Introduction to the Healthcare Data Quality Blog

Health care spending represents almost 20% of the United States GDP and just about every dollar of that spend is recorded on a medical or pharmacy claim creating one of the most useful sources of data in existence. Despite huge gains in standardization over the last twenty years administrative claims data remains one of the hardest sources of information to unlock in a reliable and repeatable way. As payers shift more and more risk to providers and create increasingly complicated reimbursement contracts the importance (and complexity!) of this data source continues to grow.

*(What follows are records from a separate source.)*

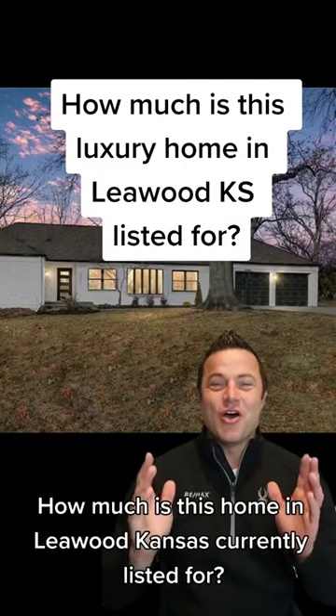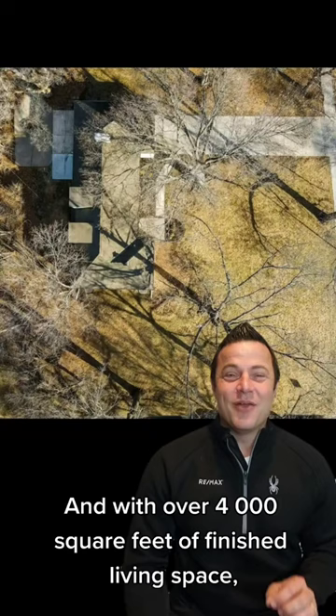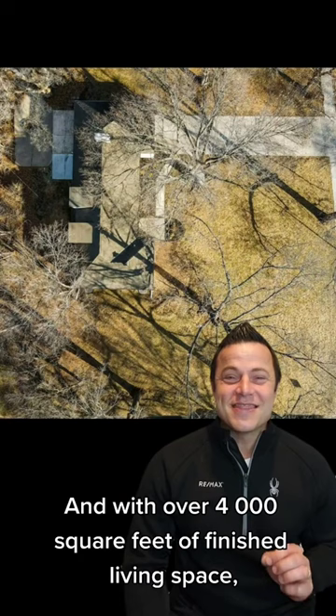How much is this home in Leawood, Kansas currently listed for? This home sits on over a half-acre lot on the highly sought-after Leawood Boulevard. And with over 4,000 square feet of finished living space, this ranch home features five bedrooms and three full bathrooms.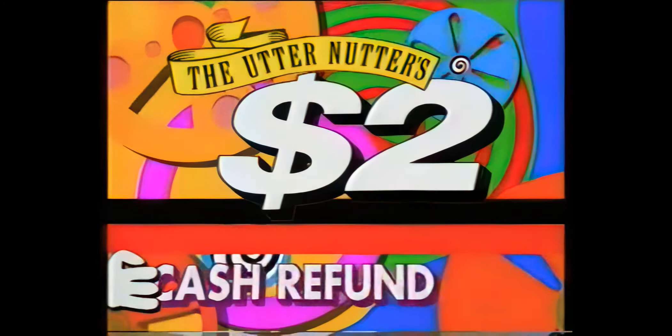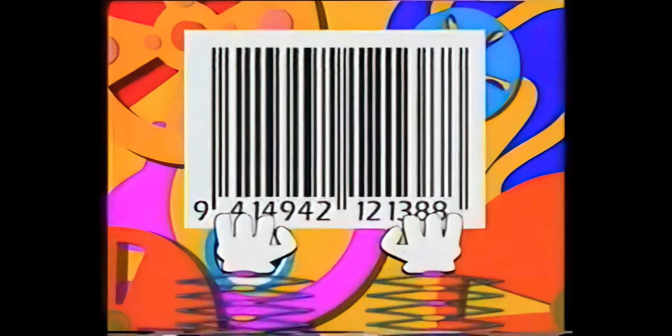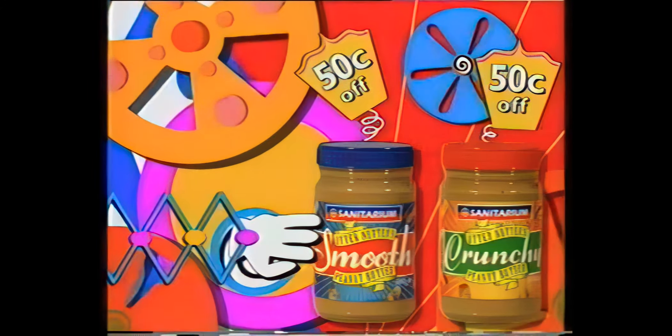Sanitarium presents an Utter Nutter's Peanut Butter Big $2 Cash Refund. Buy two 380 gram jars of Sanitarium Utter Nutter's Peanut Butter, send in the barcode and your till receipt, and we'll send you back $2. Plus, we'll give you $1.50 off your next three purchases. That's a total saving of $3.50.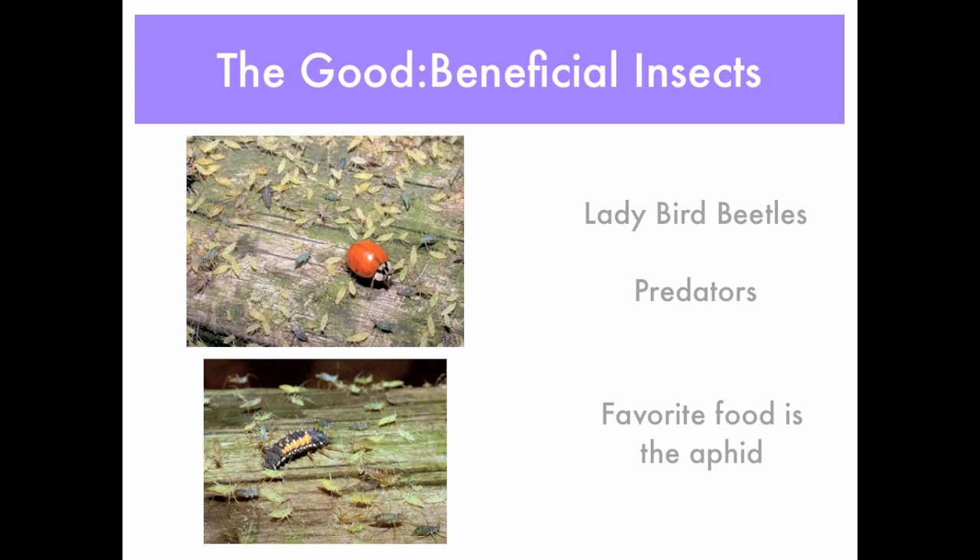Ladybugs have always been known as that good, beneficial insect, and yes, they are predators — they eat aphids, and a lot of them; that is their favorite food. Below you can see the larval stage of the ladybug. If you see these, leave them alone, because they're on the hunt and will eat plenty of aphids before they mature into the beetle you see above.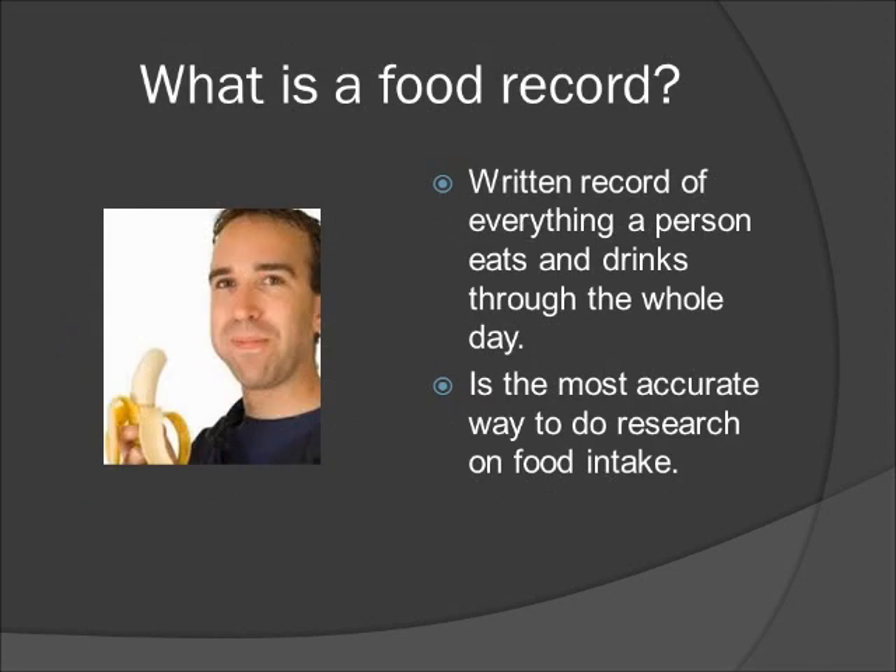What is a food record? It's a written record of everything you or the child eats and drinks through the whole day, and is the most accurate way to do research on food intake. Writing things down tends to be more accurate than relying on your memory alone.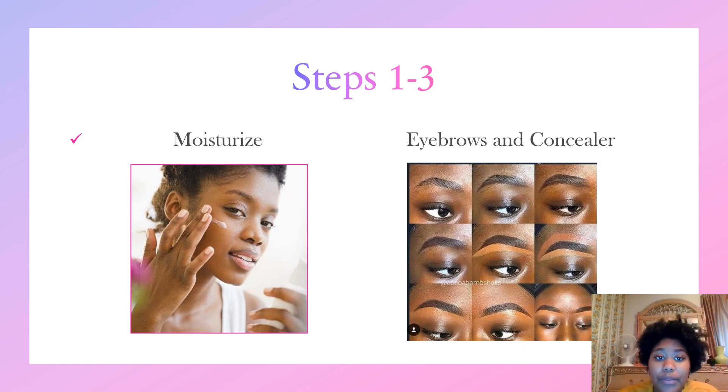For step one, before you apply any makeup to your face at all, you will need moisturizer. Moisturizer is used to make sure that your face isn't dry or flaky, because if it is and you apply makeup to it, it's going to look very blotchy and not very pleasing to the eyes of other people.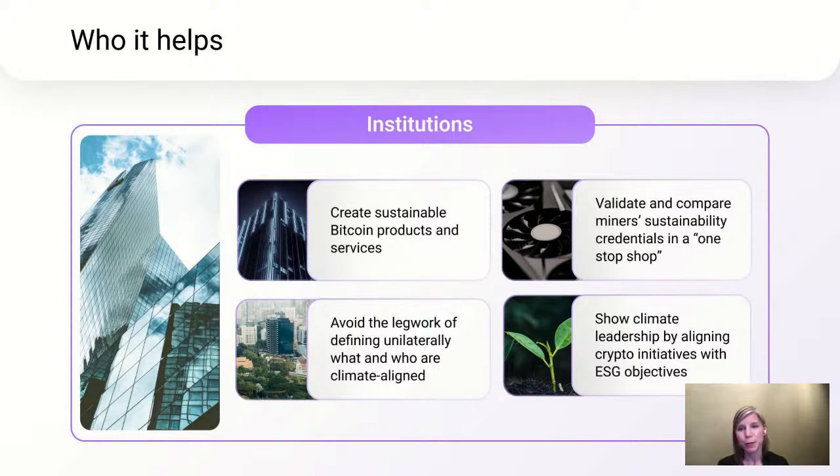We designed Green Proofs for Bitcoin to support two types of users: institutions and miners. Institutions include exchanges, investors, funds, financial service providers, payment processors, and other types of crypto users. Green Proofs for Bitcoin provides a way for those parties to easily identify and validate green miners, facilitating the launch of new products and services geared towards sustainably mined Bitcoin. Green Proofs for Bitcoin is not a direct-to-consumer product — it does not tokenize green Bitcoin or offer any direct investment opportunities. However, it does support products like that by providing a piece of common infrastructure that they can use as they are brought to market.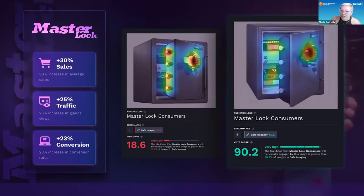They changed a few things: they changed the orientation, opened the door a little bit more, lit up the inside, and put some items in there that were recognizable. The Visit score went up to 90.2 — a high likelihood that people would be visually engaged with the image and more likely to convert. They got a 30% increase in sales simply by changing this. And you look at the two pictures, they're not that different. But this is the power of predictive analytics. They also got increased traffic and conversion.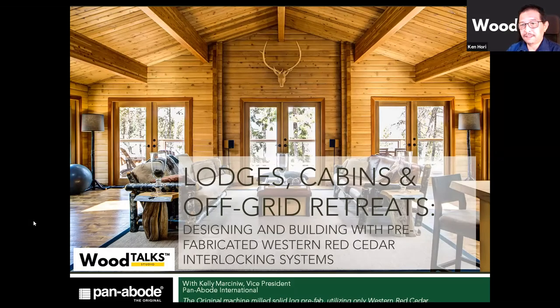Welcome to Wood Talks, everybody. Good morning. Our presenter today is Kelly Marceny. Kelly is the Vice President of Panabode International and Kelly is also a board member with the BC Log and Timber Builders Industry Association.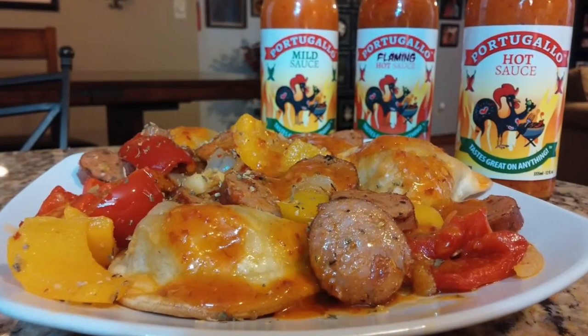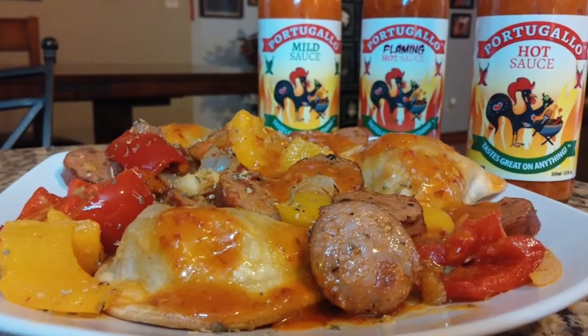It kind of gives it a nice buttery richness — very, very oily. That's just the way these sauces are. Here's a picture of what I cooked up: I used the hot one in this particular dish. I cooked up some pierogies with sausage, peppers, and onions, and put the Portugalo hot on there, and it was really, really good. You can use it straight on top of food, even on eggs in the morning. But I think these are the type of sauces that really shine when you cook with them, especially with chicken.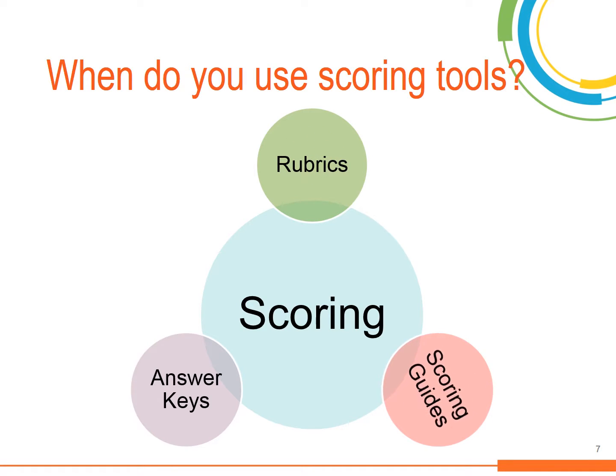Depending on the type of assessment, it is important that the right scoring tool is used to grade the item so that you have an effective way of knowing what students know and can do. For example, answer keys may be better suited for quick check-ins like a quiz or an end-of-unit test with selected response items such as multiple choice, matching, and true or false questions.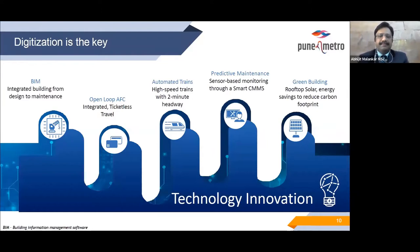There are some very important digitization efforts for Pune Metro Line 3. It has mainly automated trains with high-speed frequency of just two minutes between services. It has predictive maintenance and sensor-based monitoring through smart CMMS to find and diagnose faults without disrupting citizens. It is also going to be a green building with solar rooftops for energy savings to reduce carbon footprint, and it will also have rainwater harvesting integrated.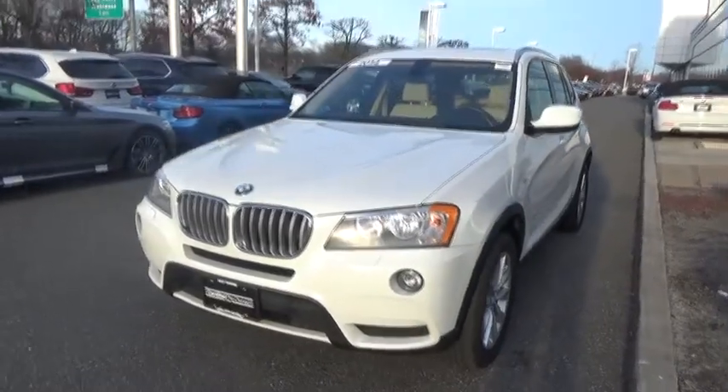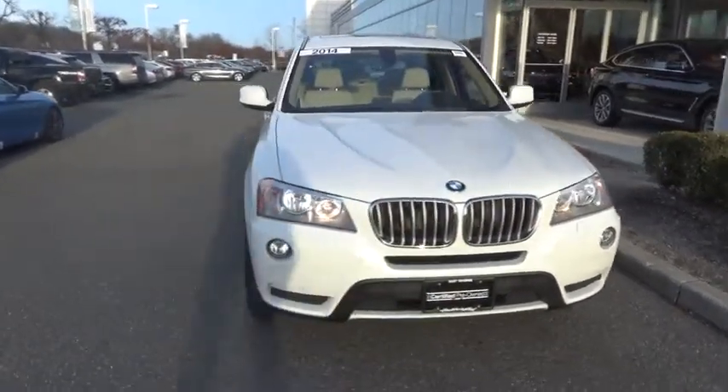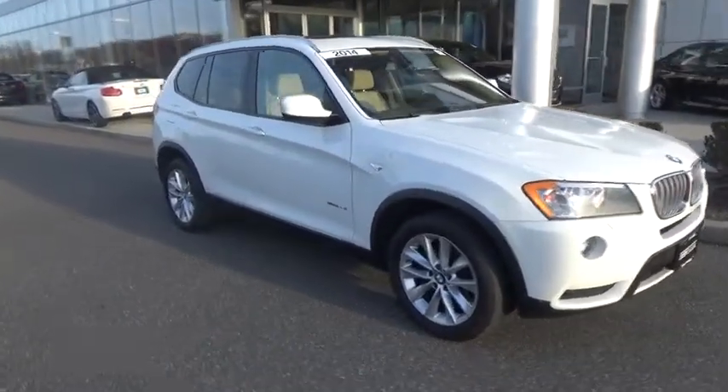The 2014 BMW X3. BMW X3 builds on the success of the original by developing its core competencies while adding new technology to establish new benchmarks for agility, efficiency, and comfort.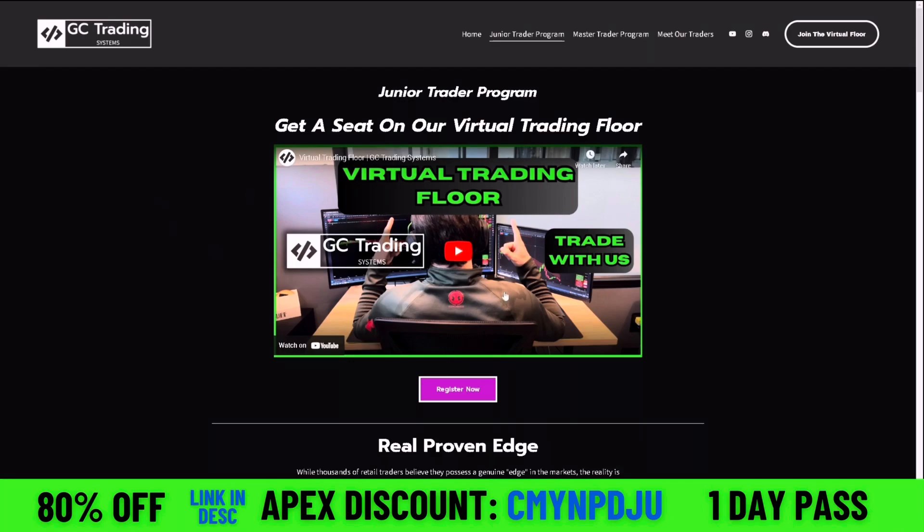And if you do not have an Apex account, they're the best prop firm out there. I'll pop up something right here — you can see the code. This will always get you the best discount, and right now it's 80% off. Thanks for watching guys, I'll see you guys in the next video.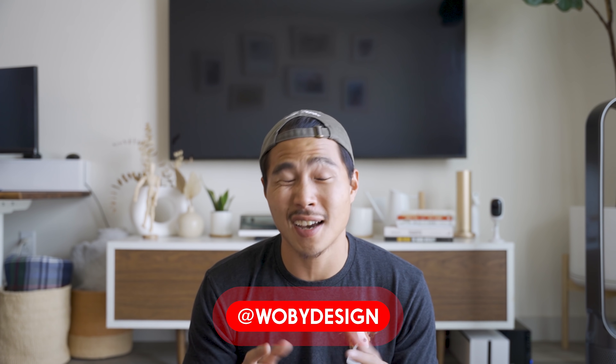Hi, my name is Ben from Wooby Design and I usually make things out of recycled skateboards. Today I'm going to give you a shop tour of my brand new shop. If this is your first time to this channel, let me give you a brief explanation of how I got here.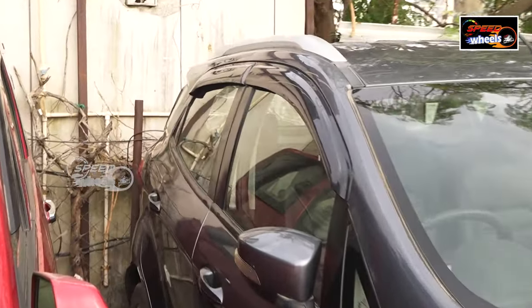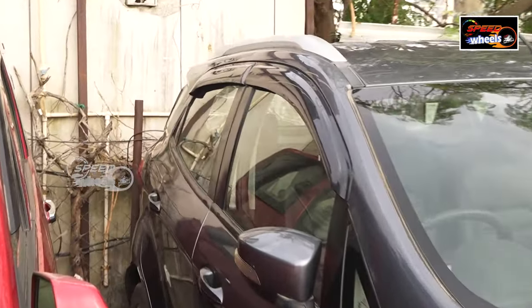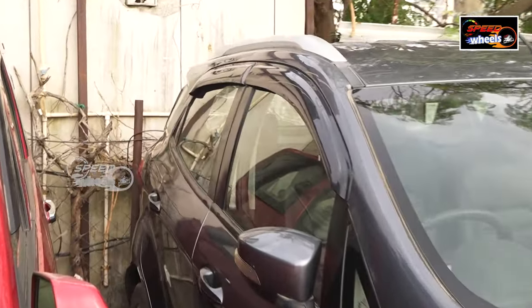Next, we have the Mahindra TUV300. This is a 2018 model with 88,000 km. There are four airbags available. The interior is quite well-rounded and spacious — a good long-term vehicle option.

I’ve been working with claims data for twenty years. I’ve used this data to create risk adjustment models used by both commercial payers and Medicare, predictive models used for population health targeting, program evaluations, quality measurement, disease burden and cost effectiveness studies, as well as bundled payment and accountable care research. For any of this to be useful the first and most important step is to create a reliable and correctly interpreted database of medical claims, pharmacy claims, and enrollment data.

Unfortunately this data generally arrives with no instruction manual and plenty of room for misinterpretation and error. Through this blog I hope to identify common (and less common but important) ways that health care data is transformed, blinded, and misinterpreted. Using the Freedman Healthcare‘s data publishing system I will highlight ways to identify issues as well as determining which fields can be trusted when conflicts occur.